In her view, this would address an "irreconcilable conflict" between the ministry role in promoting the mining industry and its role as a regulator. Bellringer concluded that the Ministry of Energy and Mines "is at risk of regulatory capture".
Bennett told CBC Radio that the government is considering having a "separate board" to oversee compliance, which would be "accountable" to the deputy minister of mines, the deputy minister of the environment, and the associate deputy minister for the Environmental Assessment Office.
"People who work in compliance and enforcement don't promote mining," Bennett insisted to CBC Radio host Rick Cluff. "That's not their job."

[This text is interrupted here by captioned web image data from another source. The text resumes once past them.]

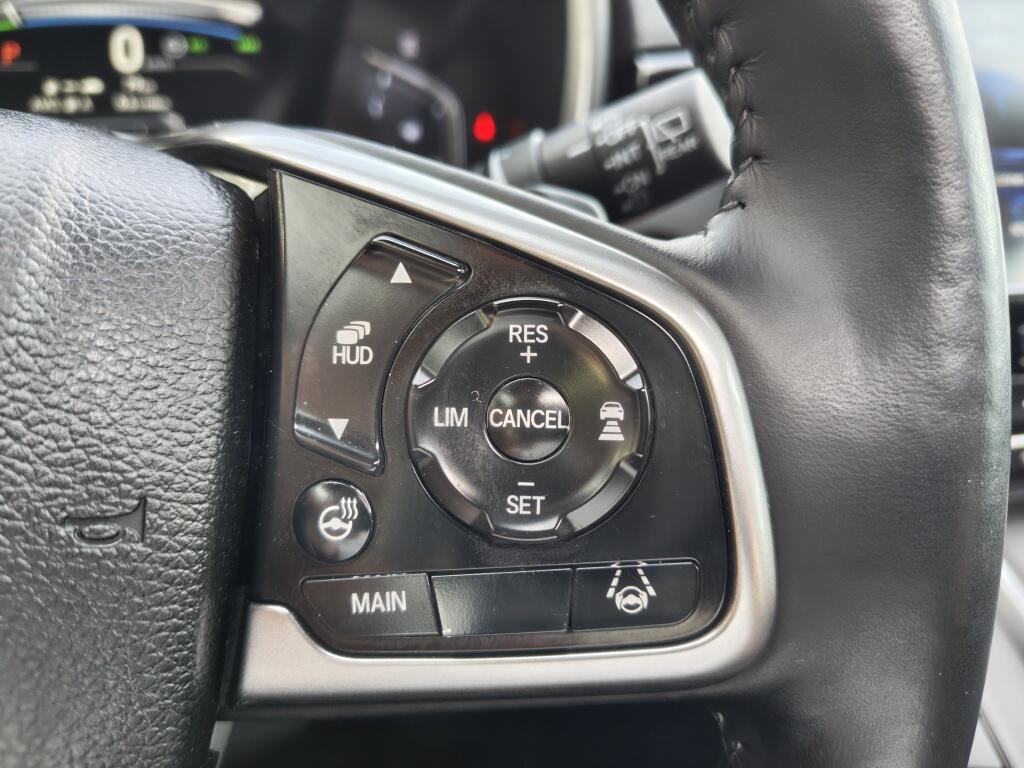 Honda CR-V 2.0 Hybrid AWD Executive | Trekhaak | El. Schuif- Kanteldak | Sensoren - Image 18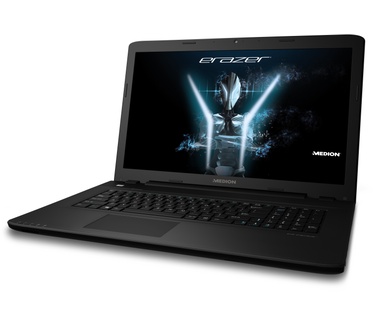 Medion Erazer P7643 (30020577, Azerty)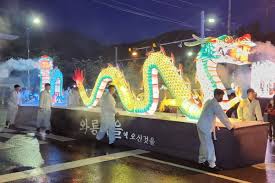 제 26회 사천와룡문화제 기본정보와 프로그램 및 초대가수 소개(정미애 장윤정 노지훈 출연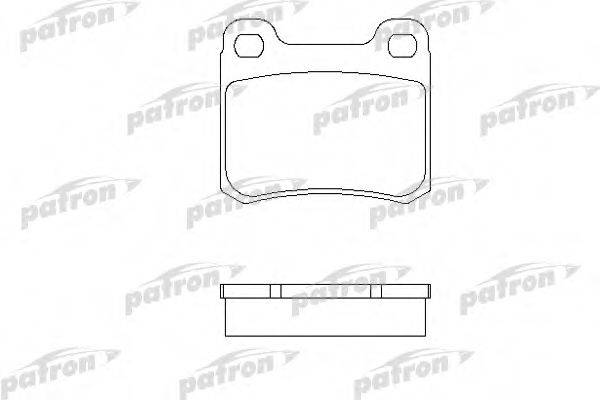 PATRON PBP979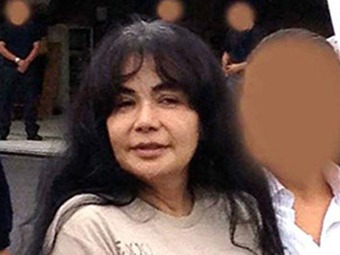 Sandra Ávila será deportada en próximas horas: abogado | Actualidad | W  Radio Mexico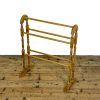 M-6959 Antique Pine Towel Rail (4)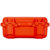 Nanuk 915 Kayak Case, Orange: Picture 7 thumbnail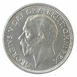 1927 Shilling (.500 Silver) Circulated_obv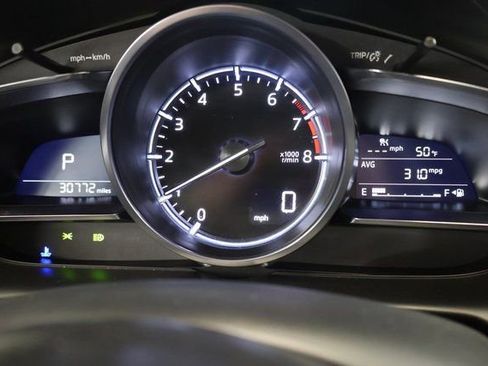 Used 2019 MAZDA CX-3 Grand Touring image 16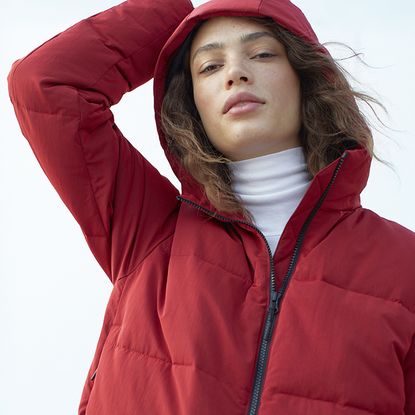 The Best Puffer Jacket for Winter | Who What Wear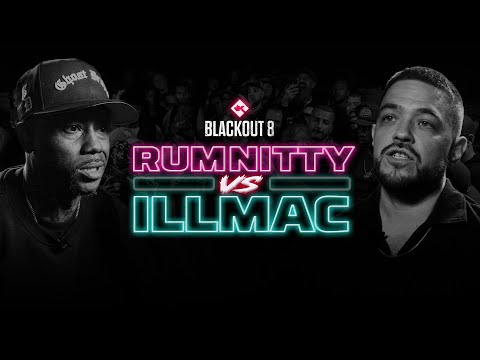 Rum Nitty vs Illmac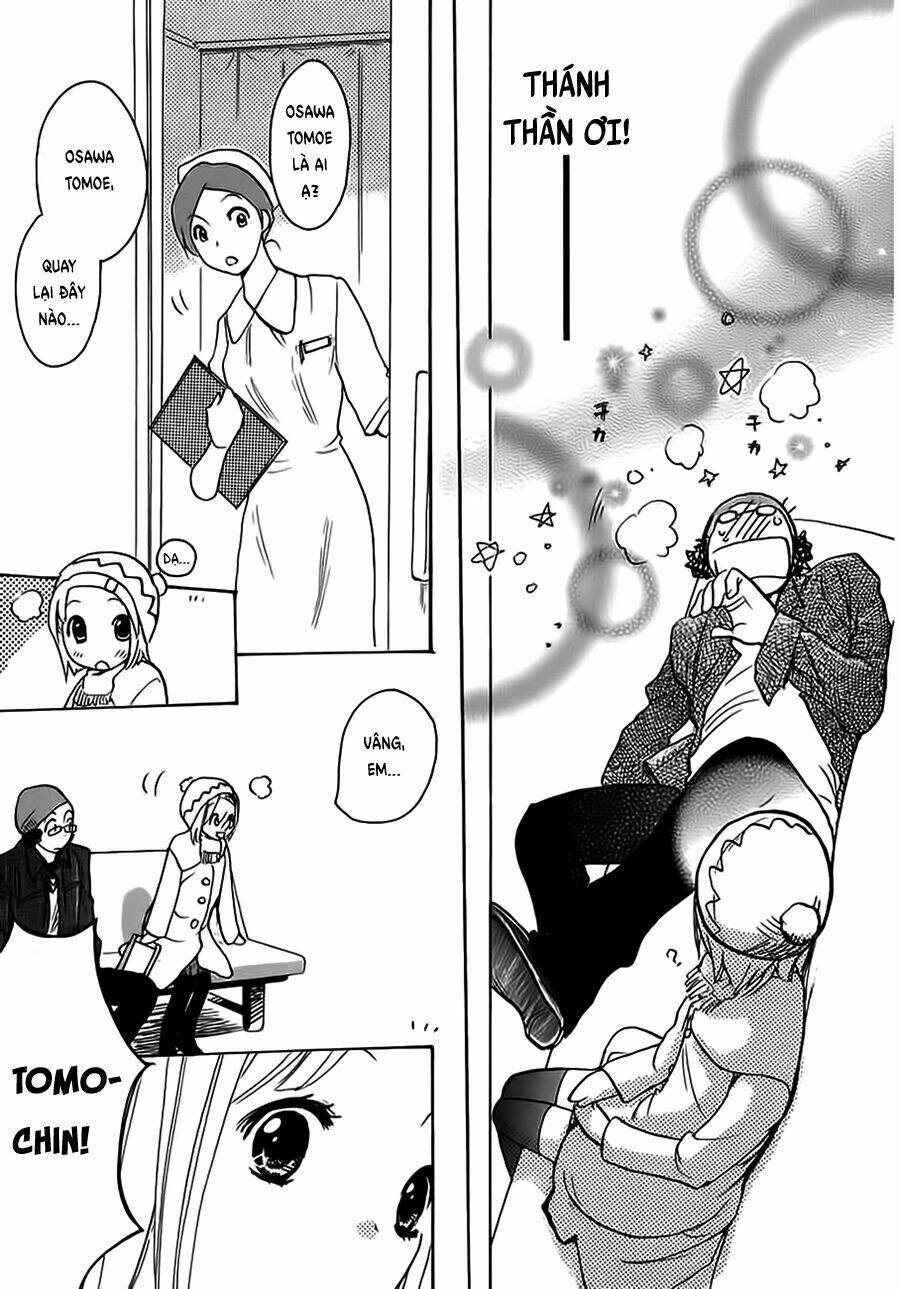 miman renai chapter 11 17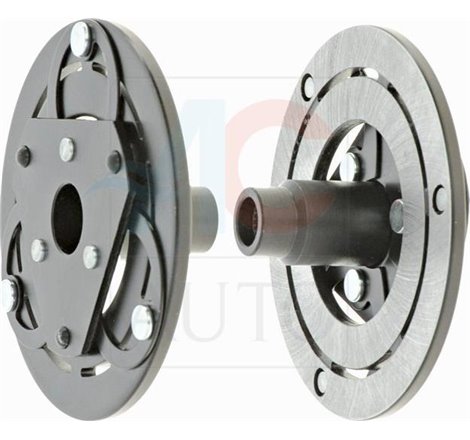 Disc ambeiaj magnetic compresor clima - ACAUTO-AC-05CL08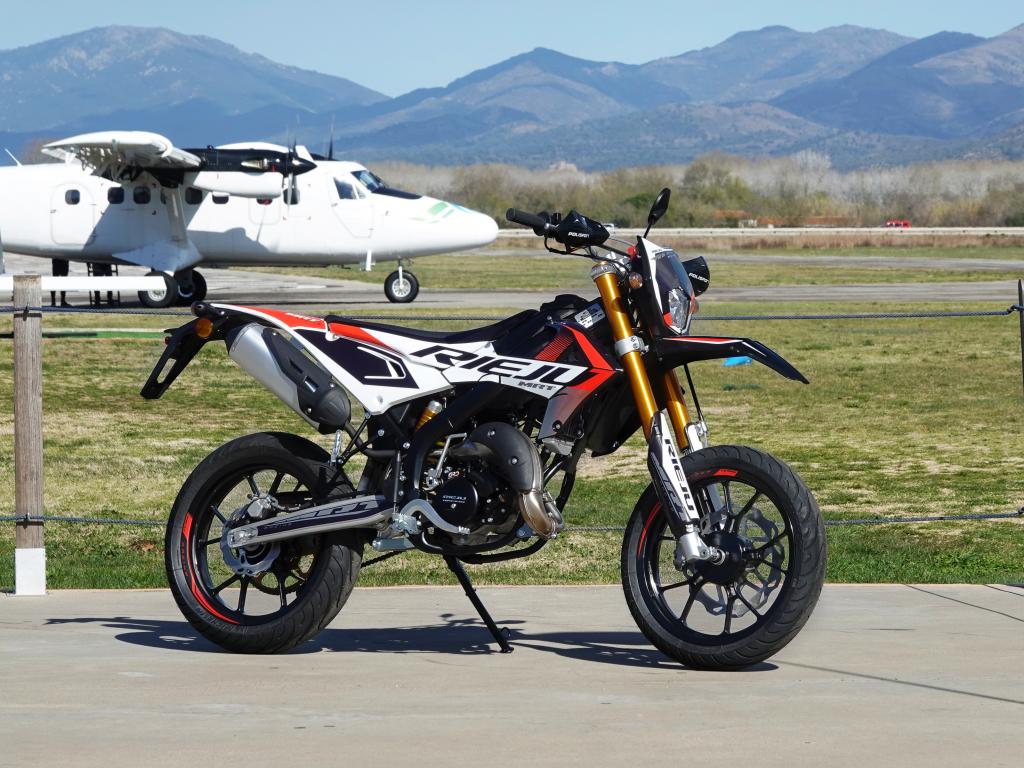 Supermotard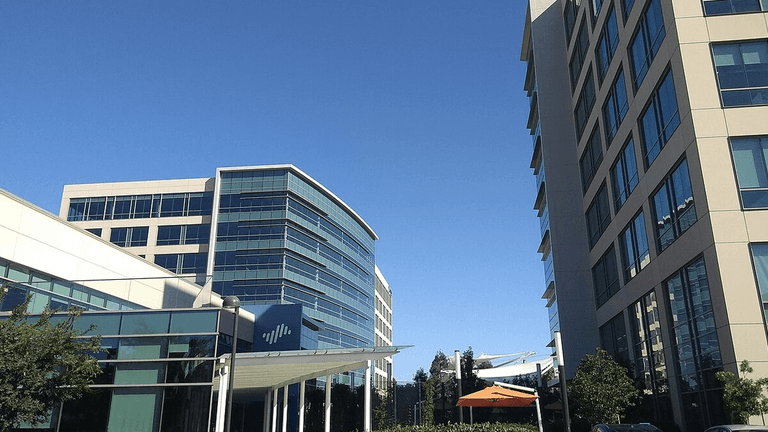 Palo Alto kasvoi 31 % – F-Secure ja SSH junnaavat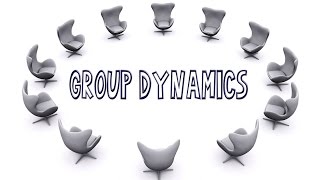 Understanding Group Dynamics [upl. by Ajnek273]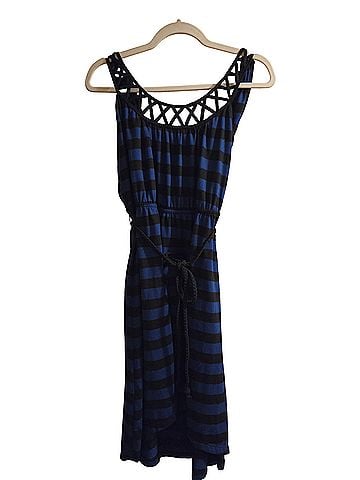No Boundaries Casual Dress (view 1)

The auditor general included 16 other recommendations, including that the government "review its security mechanisms to ensure taxpayers are safeguarded from the costs of an environmental disaster".
In addition, Bellringer urged the government to publicly report "results and trends of all mining compliance and enforcement activities" and the "estimated liability and the security held for each mine".
Meanwhile, the Wilderness Committee issued a statement yesterday calling on the B.C. government to implement all of Bellringer's recommendations.
“The most important aspect is the urgent need for the compliance and enforcement program to be an independent unit from the Ministry of Energy and Mines,” said Wilderness Committee national policy director Gwen Barlee.